"Half Our Deen" as described by Elizabeth Gilbert

I am doing my best to prepare for my marriage every bit as much as prepare for my wedding. As part of the former, I am reading Elizabeth Gilbert’s Committed. I had heard about the book’s topic, but was never interested enough to read it until recently, since its relevance has increased by a hundredfold.

couple-294284_640I am glad to be reading it now. The book is a researched meditation of sorts on the subject of marriage. Gilbert writes it on the eve of her own impending marriage, weaving together history (Western history, that is), research, and insightful personal reflections on the topic. It’s good. And much, much better than her last book.

Halfway in, I read something which was glorious, but of course did not make the connection with Islam—which is why I am sharing it here. It is the perfect explanation for why Islam discourages monasticism and celibacy. It explains why the Prophet urged his followers to marry and establish households. It’s also a much beautiful and precise version of what I was trying to convey in my previous post.

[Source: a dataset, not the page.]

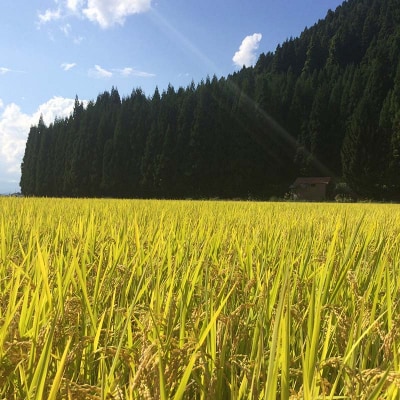 【令和7年産】定期6回 金山町産 特別栽培米 コシヒカリ 精米 5kg F4B-0627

With all respect to Buddha and to the early Christian celibates, I sometimes wonder if all this teaching about nonattachment and the spiritual importance of monastic solitude might be denying us something quite vital. Maybe all that renunciation of intimacy denies us the opportunity to ever experience that very earthbound, domesticated, dirt-under-the-fingernails gift of difficult, long-term, daily forgiveness…Maybe creating a big enough space within your consciousness to hold and accept someone’s contradictions—someone’s idiocies, even—is a kind of divine act. Perhaps transcendence can be found not only on solitary mountaintops or in monastic settings, but also at your own kitchen table, in the daily acceptance of your partner’s most tiresome, irritating faults.